**WHAT YOU HAVE TO DO**
Reproduce exactly, and only, the lines below from the one containing "กราฟฟิก ปัญหา" through the one containing "Best Price History".

**PROVIDED RECORDS**
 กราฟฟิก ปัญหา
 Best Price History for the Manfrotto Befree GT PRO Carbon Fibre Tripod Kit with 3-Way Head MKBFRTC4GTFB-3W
--
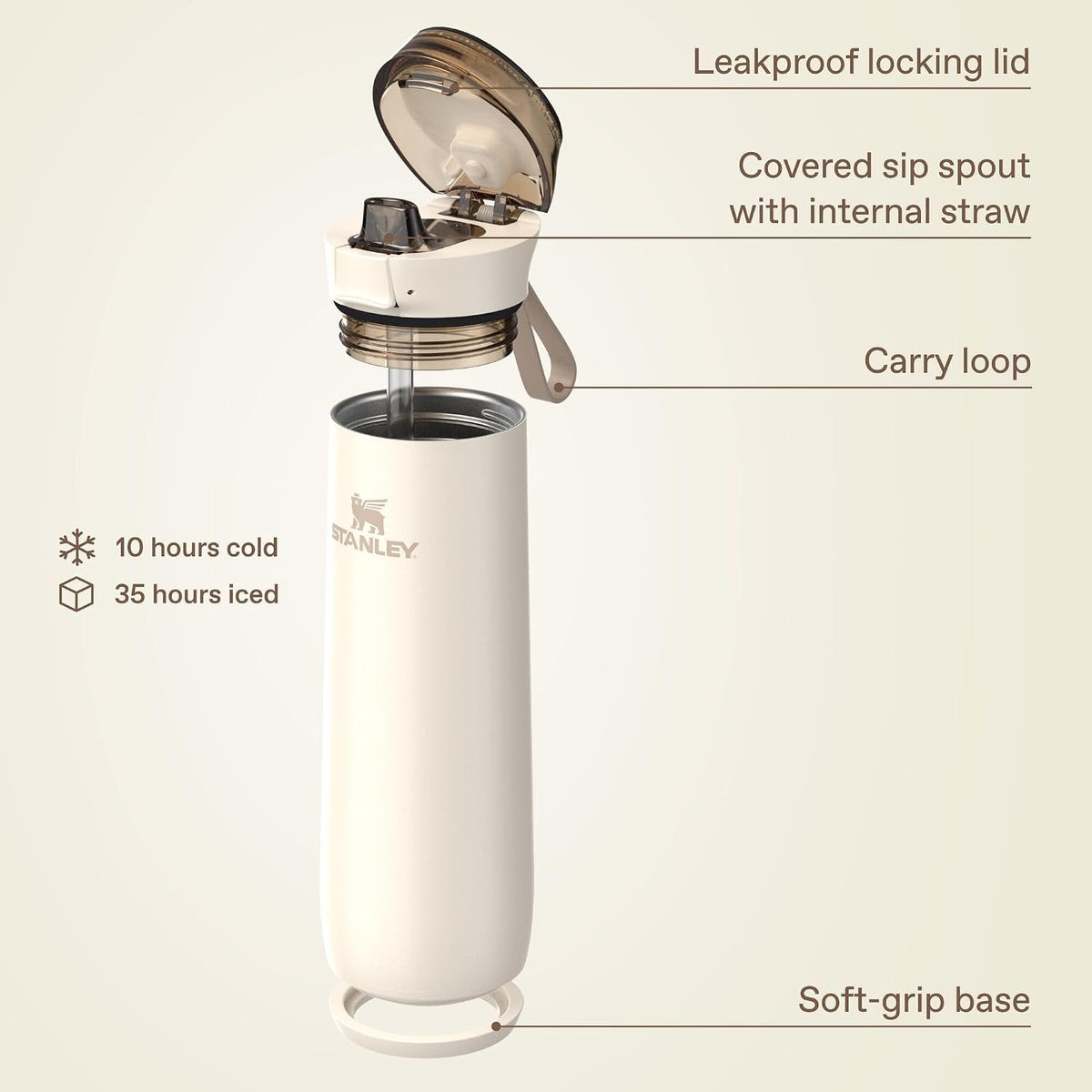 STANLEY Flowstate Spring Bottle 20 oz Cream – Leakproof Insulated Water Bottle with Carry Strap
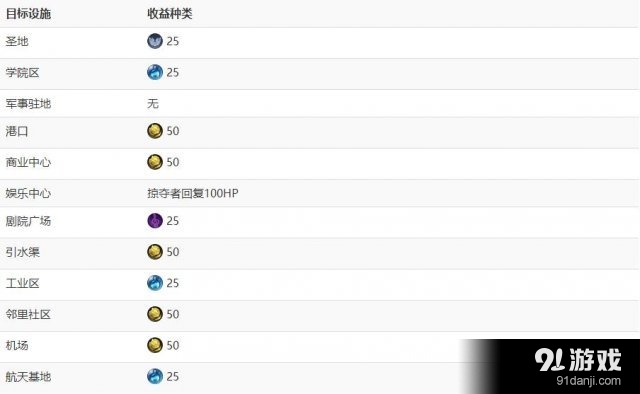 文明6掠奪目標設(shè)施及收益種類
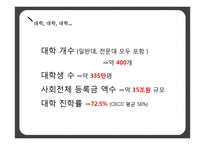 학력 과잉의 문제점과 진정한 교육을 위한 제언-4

**TASK RESPONSE**
 กราฟฟิก ปัญหา
 Best Price History for the Manfrotto Befree GT PRO Carbon Fibre Tripod Kit with 3-Way Head MKBFRTC4GTFB-3W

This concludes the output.